Possible evaluator change: concurrency now 4 (was 1) — Qwen3/Neuron vLLM outputs corrupted (finish_reason=length, missing <uci_move>)

Hi AIcrowd team — thanks for running the Global Chess Challenge.

I’m seeing what looks like a recent regression for Qwen3 (neuron.model_type=qwen3) on the Neuron/vLLM backend: at higher evaluator concurrency the model often produces garbled output, hits max tokens, and fails to reliably emit <uci_move>...</uci_move>, which causes immediate resignations and extremely high ACPL.

What changed (evidence from evaluation-state logs)

Looking at the config_snapshot field from GET /submissions/<id>/evaluation-state:

  • Submission 305873 (Dec 23): config_snapshot.concurrency = 1

    • finish_reason=stop (100%), reasonable completion lengths, <uci_move> present reliably
    • Overall ACPL ≈ 119
  • Recent submissions (Dec 24) now show config_snapshot.concurrency = 4

    • Example 305972: config_snapshot.concurrency = 4
    • finish_reason=length ~100%, completion tokens always hit the cap, <uci_move> rate ~25%
    • Outputs often look corrupted/garbled (binary-ish text), leading to resignations and ACPL ≈ 864+
    • This submission used the same prompt settings as 305873 (vllm.max_model_len=512, dtype=bfloat16, enforce_eager=true, max_tokens=64).

I also tried explicitly requesting --num-games 1 / --concurrency 1 in aicrowd submit-model, but the resulting evaluation logs still show concurrency=4 (and num_games=4), suggesting these are being overridden by the evaluator (e.g. submission 305974).

Questions

  1. Did the evaluator concurrency change recently from 1 → 4 for this challenge?
  2. If so, is there a recommended configuration (vLLM/Neuron flags or supported submission fields) to keep Qwen3 stable at concurrency=4?
  3. Is this a known Neuron/vLLM issue/regression for Qwen3 under concurrent request load?

I’m happy to provide additional req/resp snippets (showing finish_reason=length + corrupted outputs) if that helps debugging. If this should be handled privately instead of on the forum, let me know and I can share details via DM/support.

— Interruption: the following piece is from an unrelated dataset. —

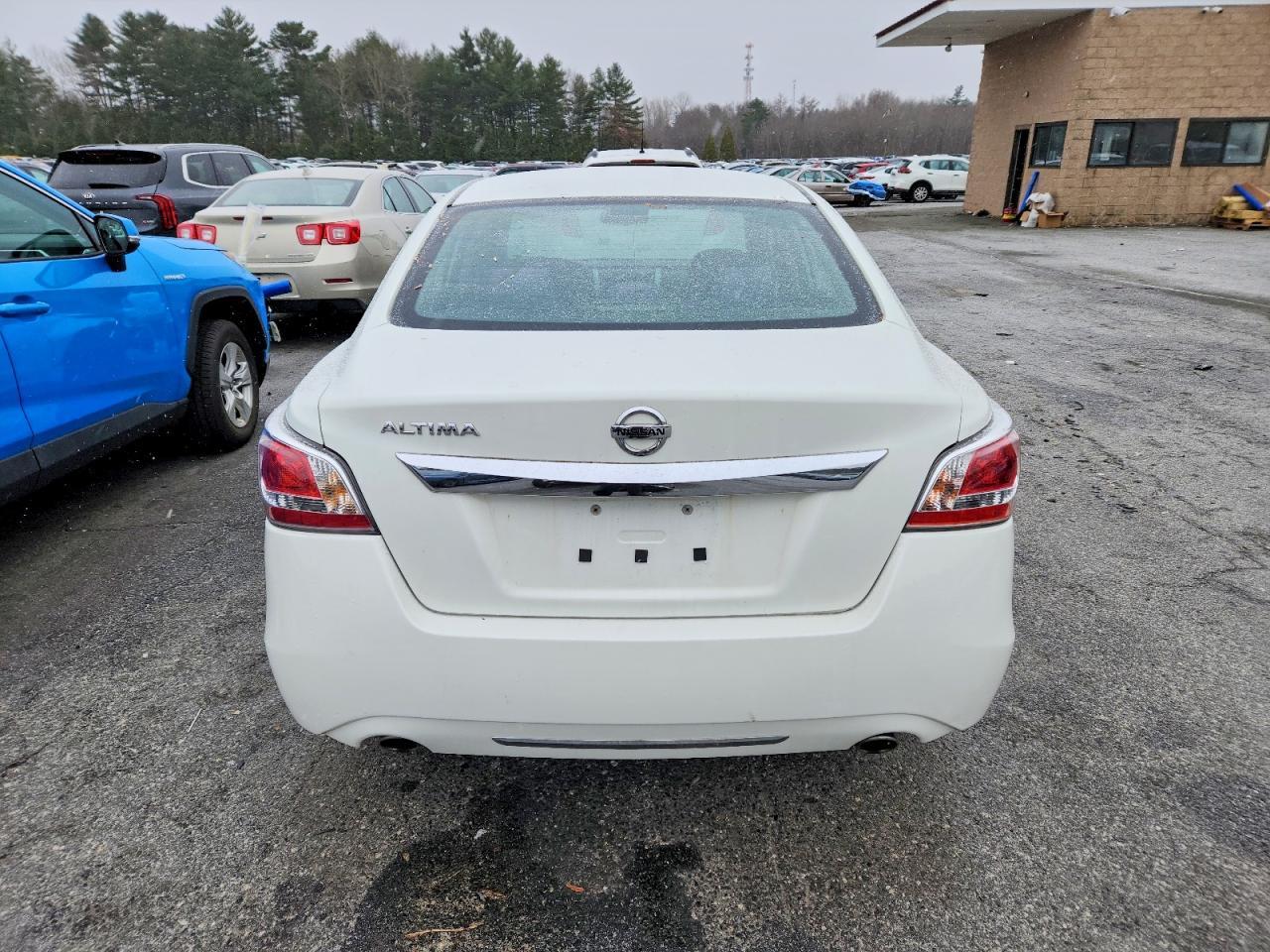 2015 Nissan Altima 2.5 S - Image 6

Thanks again for the challenge and for any guidance here.

3 Likes

+1 running into issues since today morning - request timing out even for base Qwen 3 model (was working fine earlier)

2 Likes

Even Qwen3 4B timesout 100% now. Previously i was running 8B without any issue.

1 Like

I got unreadable outputs when i submitted the model. Is this the same issue you are experiencing?
In local,
ran local_evaluation.py (vllm) → worked fine.
ran my test notebook (Transformers) → worked fine.

Submission

Local

Config

Submit the model

aicrowd submit-model
–challenge “$CHALLENGE”
–hf-repo “$HF_REPO”
–hf-repo-tag “$HF_REPO_TAG”
–prompt_template_path “$PROMPT_TEMPLATE”
–vllm.dtype bfloat16
–vllm-inference.max-tokens 128
–vllm.max-model-len 1024

Yep, same issue here. Local runs look fine, but some Qwen3 submissions on the Neuron/vLLM evaluator produce garbled/unreadable output, often hit finish_reason=length, and then miss <uci_move>. If you are comfortable sharing your submission id, it may help the organizers correlate when they have time.

Hello @artist, yes you’re noticing the same underlying issue.

We did recently increase the evaluator concurrency to 4, and we made that change only after validating that our baseline (also Qwen3) was stable at concurrency=4 during testing.

That said, we haven’t changed the evaluation setup since those baseline tests. But we’re now seeing similar timeouts behavior even with the baseline under the current setup. We’re actively working with the organizers to identify and fix the root cause.

In the meantime, you can disable concurrency by running with a single game: pass --num-games 1. This configuration should now be respected by the evaluator and will effectively run with concurrency=1. If your model supports it, we suggest you trying out other concurrency numbers to speed up the evaluation. We also set --max-num-seqs vLLM parameter to the same value.

Please try submitting again with --num-games 1 and let us know whether the issue persists after that.

1 Like

I tried --num-games 1 and --max-num-seqs 1, and the outputs from Qwen are now readable.
Thank you

I noticed this issue when running a fine-tuned QWEN3-4B-Instruct model, but I managed to fix it with the parameters mentioned above. Is this also an issue for LLAMA models?